Purchase Agreement" means the Purchase Agreement by and among the
Company, the Guarantors and the Purchasers, dated as of the date hereof,
providing for the several purchases of the Securities (including the
Guaranties).
"Purchasers" means the Purchasers named on the execution pages attached
to the Purchase Agreement.
"Qualified Capital Stock" means any Capital Stock of the Company that
is not Disqualified Capital Stock.
"Record Date" means a Record Date specified in the Securities whether
or not such Record Date is a Business Day.
"Redemption Date," when used with respect to any Security to be
redeemed, means the date fixed for such redemption pursuant to Article III of
this Indenture and Paragraph 5 in the form of Security.
"Redemption Price," when used with respect to any Security to be
redeemed, means the principal amount of the Security, without premium, together
with accrued and unpaid interest with respect to such Security to the applicable
Redemption Date.
"Reference Period" with regard to any person means the four full fiscal
quarters ended immediately preceding any date upon which any determination is to
be made pursuant to the terms of the Notes or the Indenture.
"Refinancing Indebtedness" means Indebtedness or Disqualified Capital
Stock (a) issued in exchange for, or the proceeds from the issuance and sale of
which are used substantially concurrently to repay, redeem, defease, refund,
refinance, discharge or otherwise retire for value, in whole or in part, or (b)

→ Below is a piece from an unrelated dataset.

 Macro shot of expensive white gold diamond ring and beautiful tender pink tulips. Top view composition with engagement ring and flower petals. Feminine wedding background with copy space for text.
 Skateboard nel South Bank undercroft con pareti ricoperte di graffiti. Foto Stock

constituting an amendment, modification or supplement to, or a deferral or
renewal of ((a) and (b) above are, collectively, a "Refinancing"), any
Indebtedness or Disqualified Capital Stock in a principal amount or, in the case
of Disqualified Capital Stock, liquidation preference, not to exceed (after
deduction of reasonable and customary fees and expenses incurred in connection
with the Refinancing) the lesser of (i) the principal amount or, in the case of
Disqualified Capital Stock, liquidation preference, of the Indebtedness or
Disqualified Capital Stock so Refinanced and (ii) if such Indebtedness being
Refinanced was issued with an original issue discount, the accreted value
thereof (as determined in accordance with GAAP) at the time of such Refinancing;
provided, that (A) Refinancing Indebtedness of any Subsidiary of the Company
shall only be used to Refinance outstanding Indebtedness or Disqualified Capital
Stock of such Subsidiary, (B) Refinancing Indebtedness shall (x) not have an
Average Life less than the Indebtedness or Disqualified Capital Stock to be so
refinanced at the time of such Refinancing and (y) in all respects, be no less
subordinated, if applicable, to the rights of Holders pursuant to the Notes than
was the Indebtedness or Disqualified Capital Stock to be refinanced and (C) such
Refinancing Indebtedness shall have no installment of principal (or redemption)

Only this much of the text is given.